- **BRIEF**: Find the line with "Vintage 3-Arm Chrome" in the data below. Repeat it and every line after it exactly, but not the pictures.

- **DATA SHOWN**:
________________

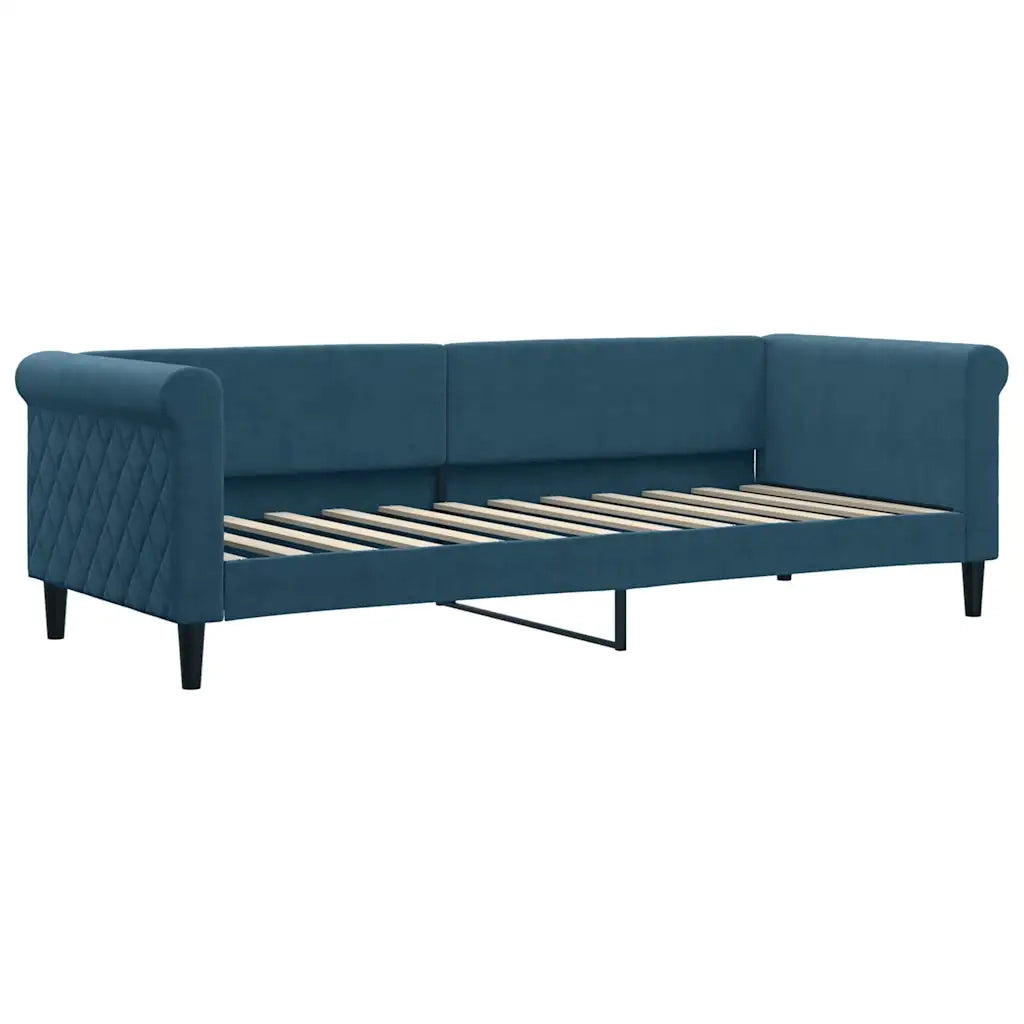 Divano Letto Estraibile con Materassi Blu 80x200 cm Velluto 3197787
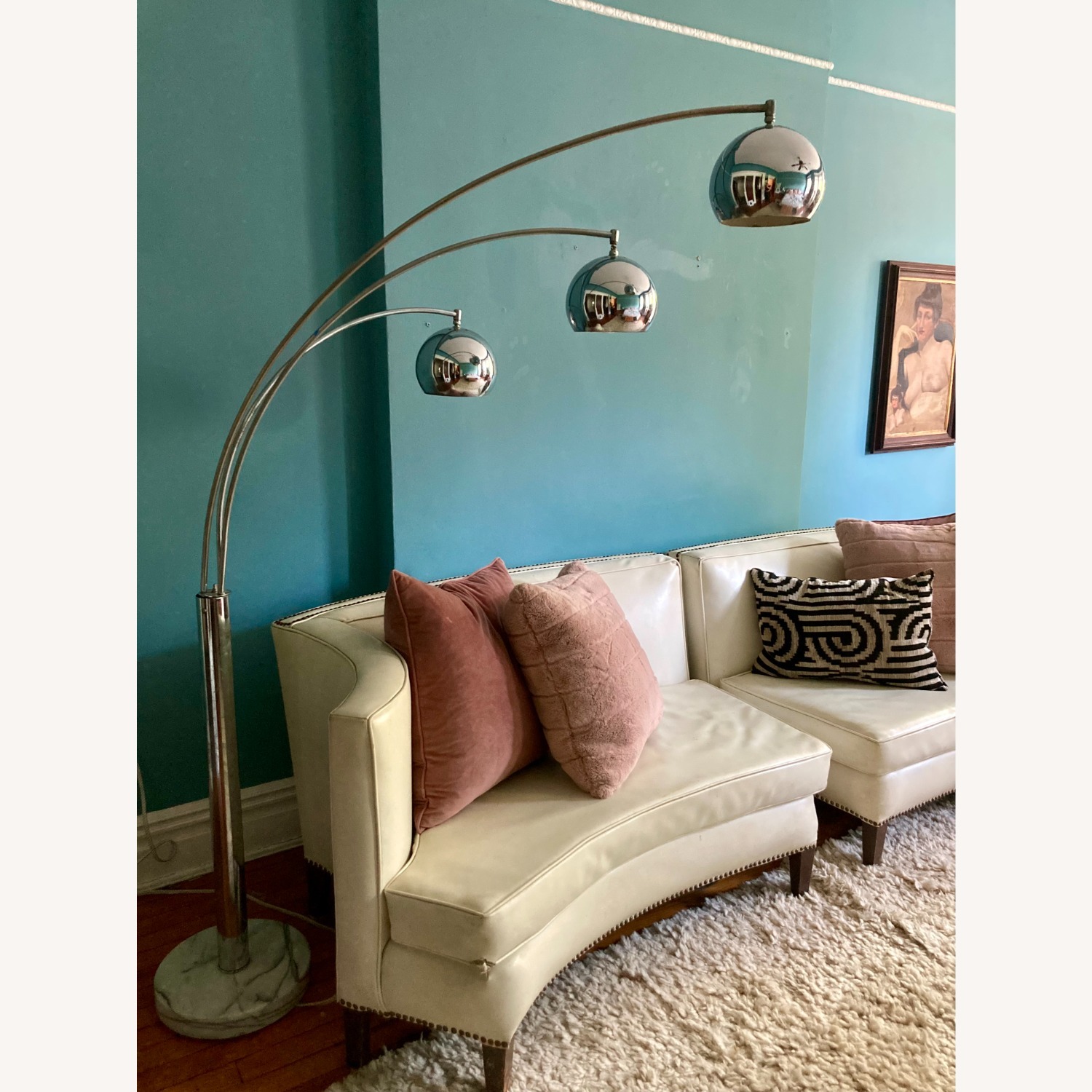 Vintage 3-Arm Chrome Arc Floor Lamp - image-2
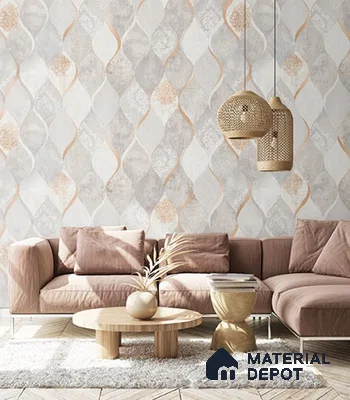 10253-2 | 5.18 Meter x 42 Inch PVC Patterned Look Wallpaper - 59.5 Sq. Ft. | Minimum 15% wastage during installation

________________

- **REPLY TO THE EXERCISE**:
 Vintage 3-Arm Chrome Arc Floor Lamp - image-2
 10253-2 | 5.18 Meter x 42 Inch PVC Patterned Look Wallpaper - 59.5 Sq. Ft. | Minimum 15% wastage during installation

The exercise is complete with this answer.